Exercise – A verbatim copy of the listing is needed; pictures are to be left out.

Given information –
::::
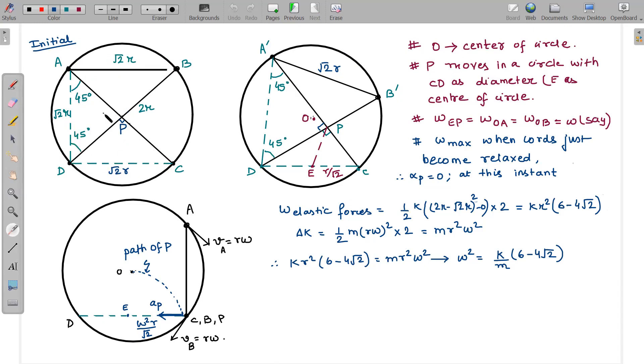Therefore, the angle APD at the intersection point P is 90 degrees.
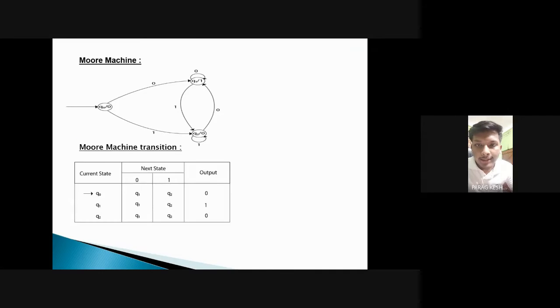In the Moore machine example, we can see there are three states: Q0, Q1, and Q2.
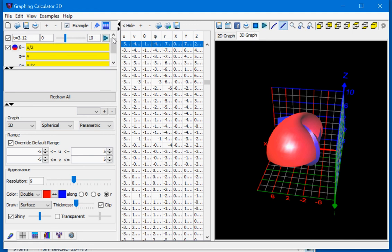This concludes the tutorial for plotting spherical equations. If you'd like to download this software, follow the links provided below.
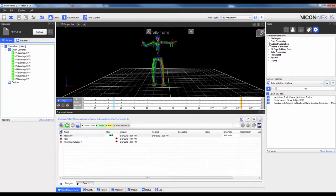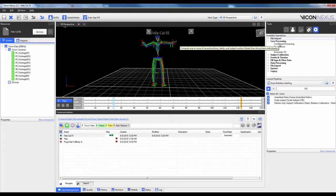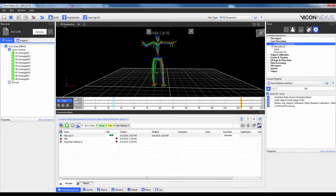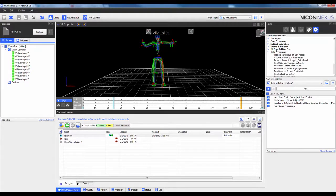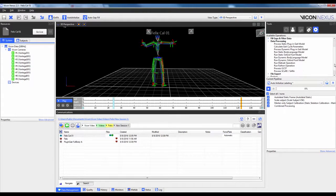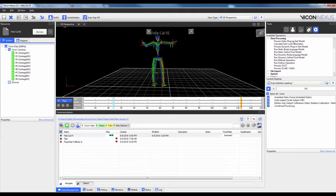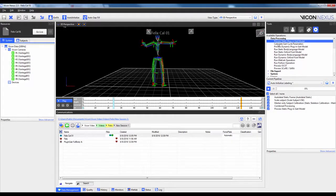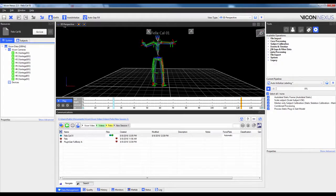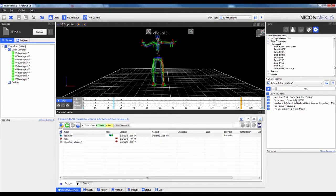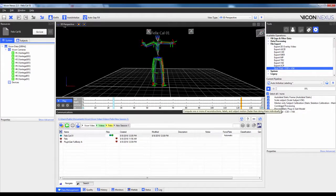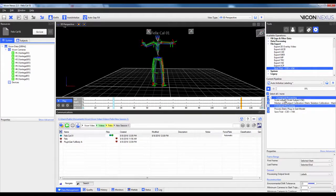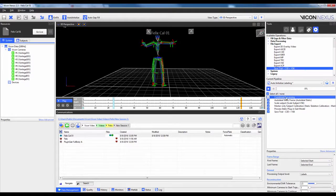So we'll first start off with the Auto-Initialize labeling pipeline. Then, under Core Processing, I'm going to go ahead and add in Combined Processing. Under Data Processing, I'm going to add in the Process Static Plug-in-Gait Model. And then under Export, I'm going to add in Save Trial, C3D, and VSK. I'm then going to just reorder it so that Reconstruction will actually be first the Combined Processing.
::::
Your response –
Therefore, the angle APD at the intersection point P is 90 degrees.
In the Moore machine example, we can see there are three states: Q0, Q1, and Q2.
This concludes the tutorial for plotting spherical equations. If you'd like to download this software, follow the links provided below.
So we'll first start off with the Auto-Initialize labeling pipeline. Then, under Core Processing, I'm going to go ahead and add in Combined Processing. Under Data Processing, I'm going to add in the Process Static Plug-in-Gait Model. And then under Export, I'm going to add in Save Trial, C3D, and VSK. I'm then going to just reorder it so that Reconstruction will actually be first the Combined Processing.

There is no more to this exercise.